§ **DATASET CONTENT**:

----------

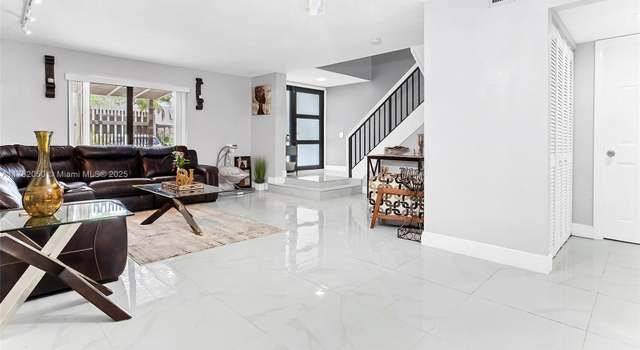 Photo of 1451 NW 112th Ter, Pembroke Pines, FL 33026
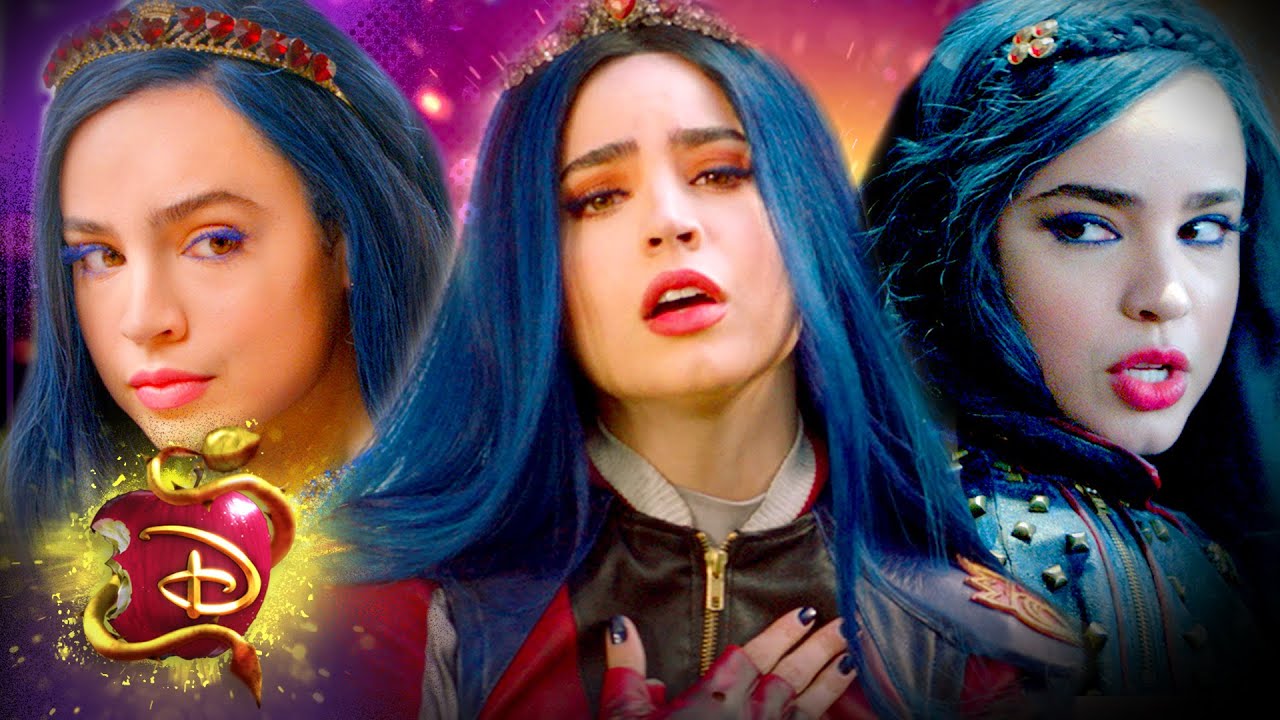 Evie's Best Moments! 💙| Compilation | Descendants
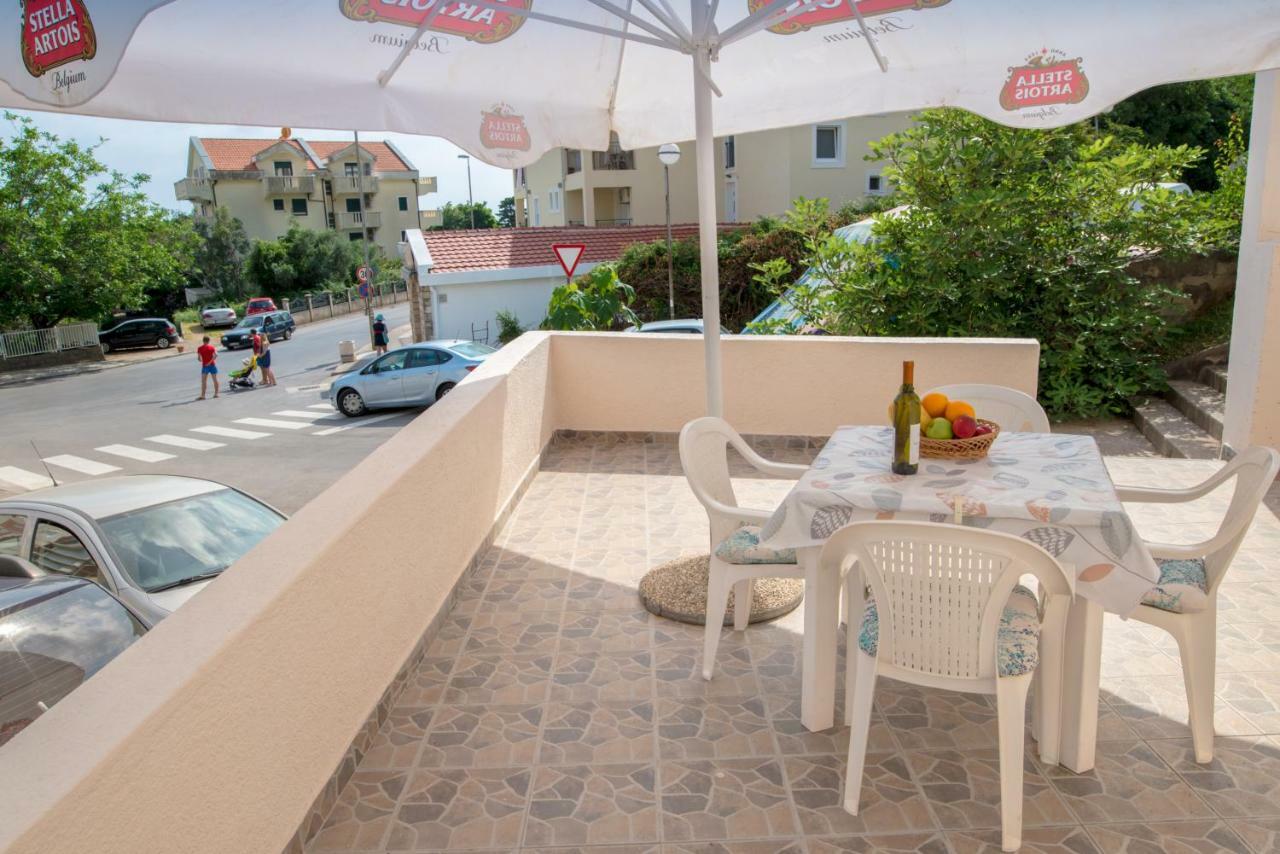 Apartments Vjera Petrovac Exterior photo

----------

§ **WHAT THE EXERCISE ASKS**: Omitting all pictures, set the listing down exactly.

§ **THE ANSWER**:
 Photo of 1451 NW 112th Ter, Pembroke Pines, FL 33026
 Evie's Best Moments! 💙| Compilation | Descendants
 Apartments Vjera Petrovac Exterior photo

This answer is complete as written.